Let me (or any of us I'm sure), know what you may need!  

Bravo for your tenatiousness and will !    

BTW... we still expect just as much talent (but not progress), as before.


----------



## MNoutdoors RIP

Weatherby, sorry to here about you accident........ been there also before
gave up riding two wheeled anything. went to tracks,( its been 30 years now since I was on a bike ) they say when you go to tracks you never go back....... get better....... be sure to keep us informed
how things are going.


----------



## Snowcat Operations

Weatherby.  Man I am sorry to hear about this accident.  I put my dirt bike down about 3 months ago as well.  I screwed my shoulder up for a few days and decided to sell the bike.  I had it for sale before but then thought Nah I can still ride.  WRONG.  Bike was sold 2 days after accident.  I wont be riding anymore bikes period.

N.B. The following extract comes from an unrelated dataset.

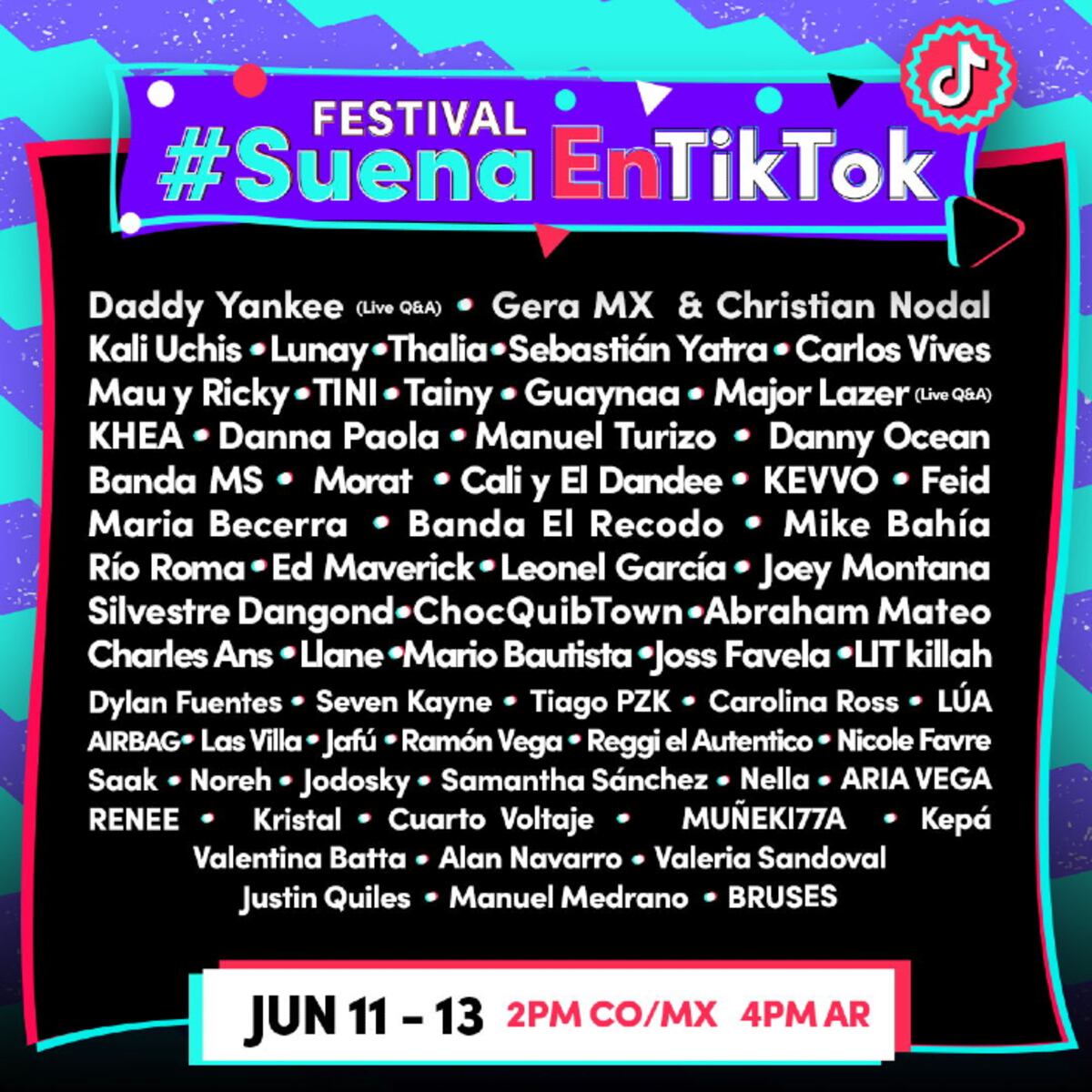 Se viene el festival de música latina #SuenaEnTikTok. (Tiktok)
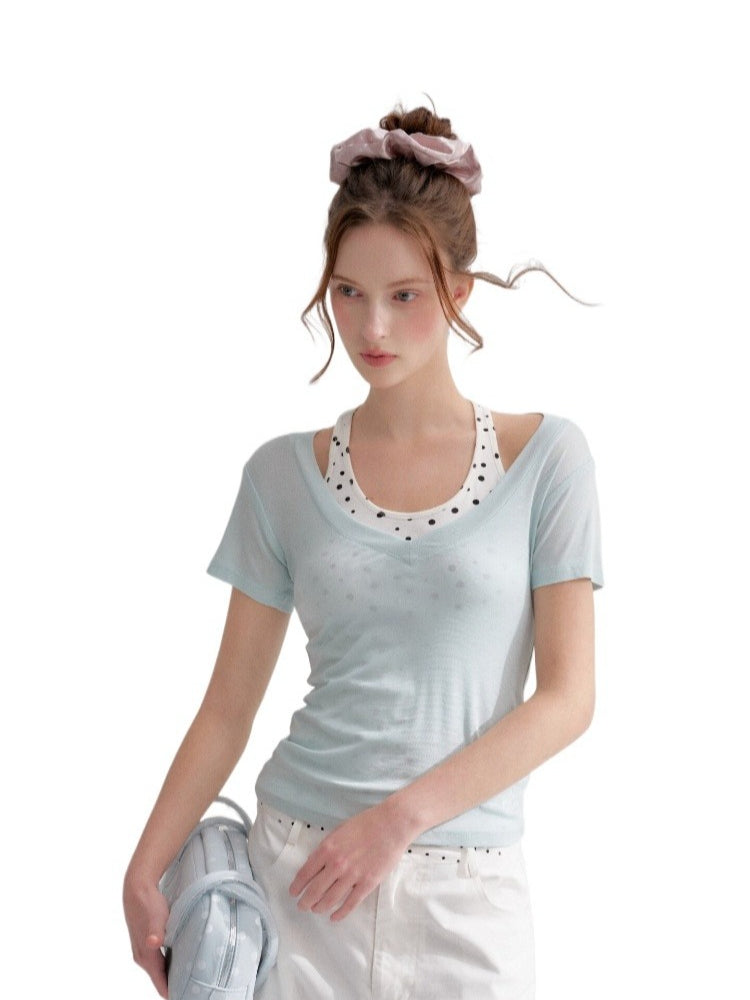 Blue V-Neck Fitted T-shirt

Anyway if you need help tracking stuff down on the internet please PM me with your needs.  Wish I was closer to you.  I would love to get in that shop and help out!


----------



## NorthernRedneck

Weatherby, hope you feel better soon!  I know what it's like to wipe out on a bike and get injured.  When I was sixteen, I got rear-ended by a transport on the highway while I was slowing down to turn off the highway.  Obviously, I didn't get run over as I wouldn't be here but I did hit the pavement pretty hard and slide 50 or so feet with my shoulder scraping the pavement.(no leathers on either)-just a t-shirt, joggers, and running shoes.  Good luck on your recovery and your project.


----------



## LiL Foxy

hi buddy


----------



## Snowcat Operations

WEATHERBY how are you doing?  I hope all is well.  Keep us posted on your condition.  God Bless.


----------



## weatherby

HI  everybody I know It,s been awhile again but It's been slow going for me but I'am getting better. I still can only use my right hand, my left arm & wrist just received It's second cast so it will be non-usable for sometime yet which makes it nearly imposable to even button a shirt or tie shoes, so working on my cat is very hard these days.:frustrado  and I'am not very pleasant to be around at times SO I AM TOLD. I have managed to do a few things though, I did get my exhaust manifold welded and the carburetor gone through, also made the bracket to mount the alternator. Thanks snowcat opp. and everybody else on trying to locate a exhaust manifold to replace mine with but I ended up having it welded then coated with POR-15 which is some pretty amazing stuff.


----------



## Snowcat Operations

For awhile there we thought you had passed on and that your wife was going to put the scattered Thiokol on Ebay.  I checked everyday!    Glad we never saw it on Ebay!


----------



## Snowcat Operations

So hows the healing going?  I know its a rough going for a while.  If you need anything please feel free to PM me.  I'll see what I can do.  Wish you lived closer.  Take care and drop us a note every now and then.


----------



## Snowcat Operations

OK back to your thread.  Looks like you fixed the manifold pretty good.  How do you think the weld will do?


----------



## Snowcat Operations

Is that a thermal coating or just hi temp paint on the manifold?


----------



## weatherby

Thats a good one Snowcat Opperations I thought you guys might be hanging around E-Bay a little more than usual lately so I thought it time to up date. BUT if you ever do see it on E-Bay get a hold of me quick, I don't know but the wife been asking allot questions lately on how to sell things on E-Bay    I am getting better every day now but still sore in a lot of places but considering two dirt bikes colliding head on at about 40 mph each  I'am just amazed we got away with just a few broken bones and a lot of bruises I KNOW I was very lucky. It;s very kind of you and others to offer your help, I wish we did live closer. As far as the welding goes I got it welded at a shop that specializes in cracked manifolds and they said to then coat it with POR-15. As far as POR-15 goes a lot of people say it is very amazing stuff. You do brush it on or you can spray it but they say it is a coating not paint. You can go to there web site  POR-15 and learn more about it, I wish I would have known about this stuff a long time ago.


----------



## Mainer

weatherby said:


> As far as POR-15 goes a lot of people say it is very amazing stuff. You do brush it on or you can spray it but they say it is a coating not paint. You can go to there web site  POR-15 and learn more about it, I wish I would have known about this stuff a long time ago.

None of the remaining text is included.